An Introduction to Data Mining, Part 1: Understanding the Critical Data Relationship in the Corporate Data Warehouse
Data mining is one of the hottest topics in information technology. This two-part series will provide an introduction to data mining with the first part focusing on what it is (and isn't), why it is important and how it can be used to provide increased understanding of critical data relationships in rapidly expanding corporate data warehouses.
Data Mining is one of the hottest topics in information technology. This two-part series will provide an introduction to data mining. The first part will focus on what it is (and isn’t), why it is important and how it can be used to provide an increased understanding of critical data relationships in rapidly an expanding corporate data warehouses. Part two will look at the tools and techniques used in data mining, and the issues surrounding implementations.

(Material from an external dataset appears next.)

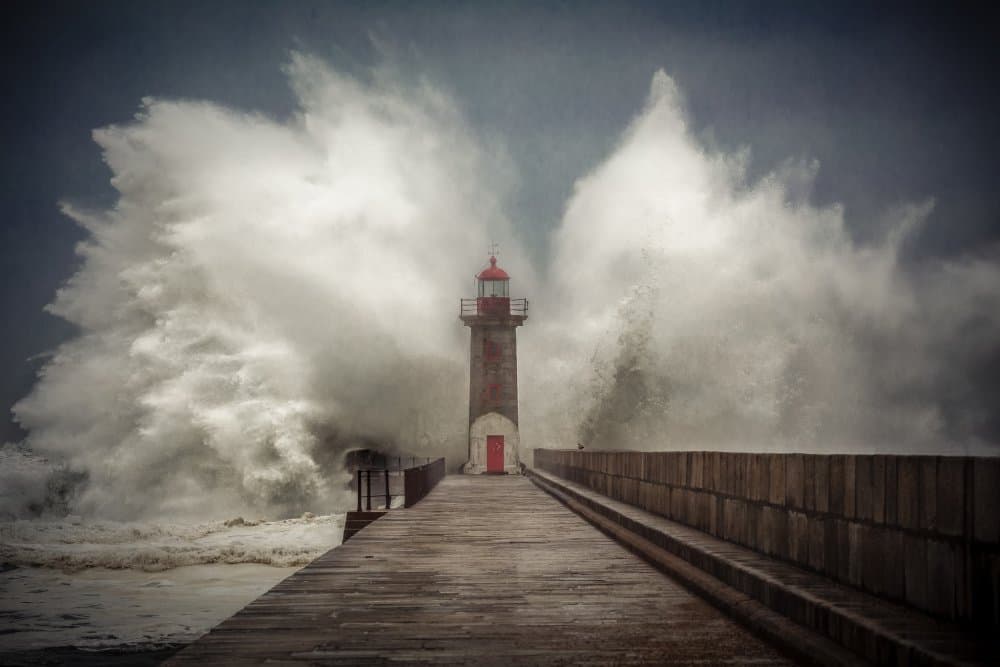 Lighthouse Amidst Storm Waves by Marco Faria — canvas wall art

The ability to access accurate and timely information is of significant value to any enterprise. It can help organizations better understand their customers, more effectively target markets and proactively address business problems before they cut into profits. Valuable data, though, is often locked in complex operational systems and processes, buried within multiple sources, or rendered otherwise unusable.
There are probably as many different definitions of the term "data mining" as there are analytical software tool vendors in the market today. Vendors and industry analysts have adopted the term somewhat indiscriminately, drawn by the allure of the analogical concept that promises to turn mountains of data into gold nuggets of strategically valuable business information. The result is a kind of blanket definition that includes all tools employed to help users analyze and understand their data. In this article, we will explore a more narrow definition of the term: Data mining is a set of techniques used in an automated approach to exhaustively explore and surface complex relationships in very large datasets.
For this article, the discussion of datasets will be restricted to those that are largely tabular in nature, having been implemented most likely in relational database management technology. However, these techniques can be applied to other data representations, including spatial data domains, text-based domains and multimedia (image) domains.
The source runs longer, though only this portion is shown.